Mais il faut dire que le grand absent de cette coupe du monde n’est autre que l’équipe d’Algérie. Cette absence a provoqué un grand traumatisme national dans ce pays où le football est une religion. Un traumatisme engendré plus par la façon avec laquelle les Fennecs ont été éliminés que par leur élimination en elle-même. Surtout que l’Algérie avait entamé avec une grande sérénité le match retour contre le Cameroun, avec un match aller remporté haut la main, près de Douala. Mais l’arbitre gambien Bakary Gassama était passé par là.

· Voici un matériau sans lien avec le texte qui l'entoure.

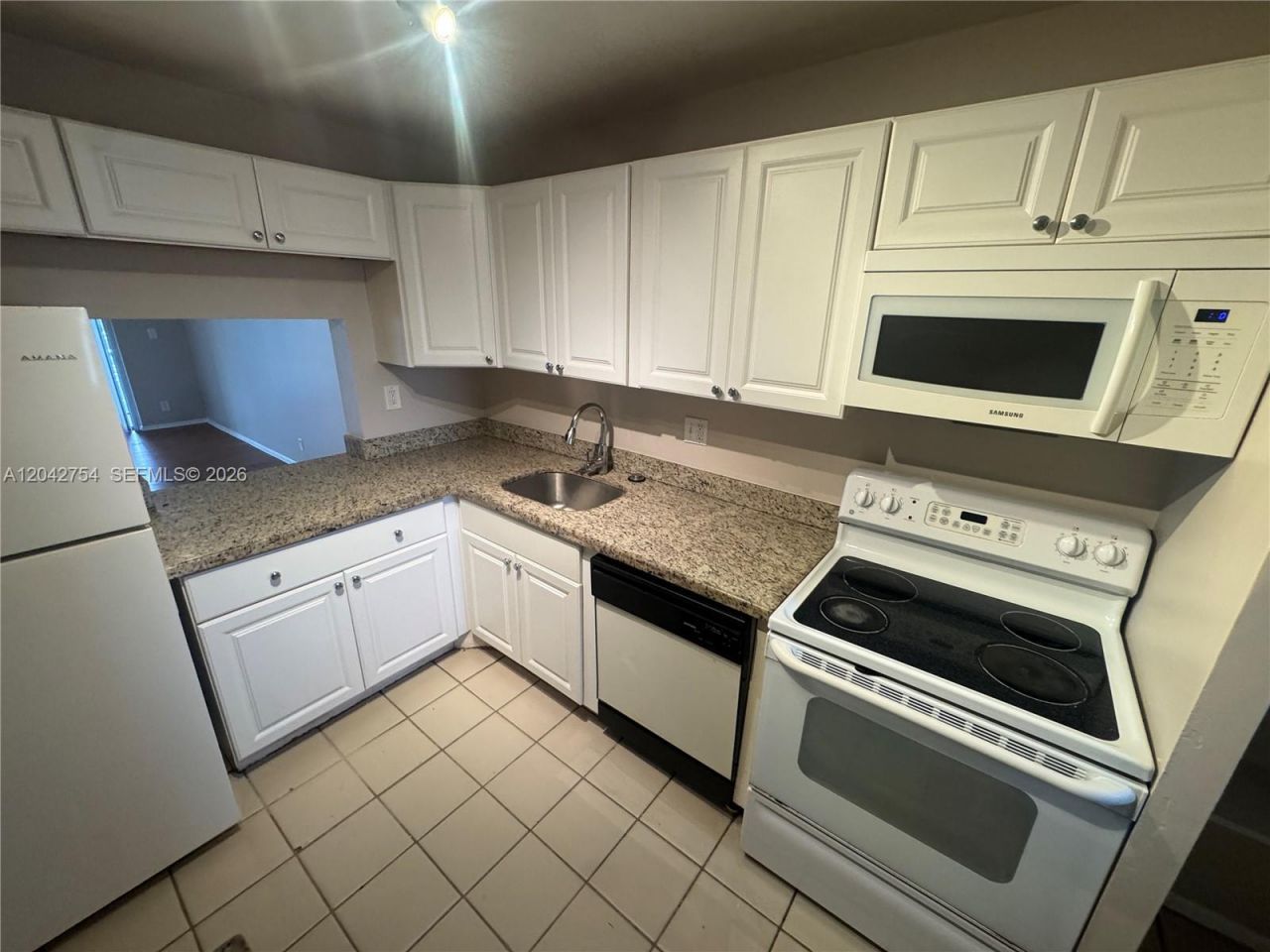 7910 Colony Cir N, Unit 304, Tamarac, FL 33321 Photo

Force est de constater que ce traumatisme est toujours là, surtout à l’approche du mondial 2022. Les milliers de commentaires sur les réseaux sociaux traduisent la persistance de ce traumatisme huit mois après cette soirée fatidique du 29 mars 2022. Certains utilisent le sarcasme pour s’exprimer, notamment pour se moquer de ceux qui rêvent encore de voir l’Algérie en coupe du monde. D’autres montrent même leur « joie » après l’élimination des Fennecs, mais tout cela, c’est ce fameux traumatisme qui leur fait écrire tout et n’importe quoi.

Ce dimanche, c’est l’ouverture du mondial et ce traumatisme est visible encore sur les réseaux sociaux. En réalité, le traumatisme flottera toujours à la surface tant que ce mondial ne connaît pas sa clôture. Ce n’est pas pour rien que Djamel Belmadi a déclaré, il y a quelques temps, qu’il était pressé de voir débuter le Coupe du Monde et de la voir finir. Pour lui et pour tous les Algériens traumatisés par l’élimination amère des Verts, seule la fin du mondial qatari leur permettra de tourner définitivement la page de cet échec retentissant.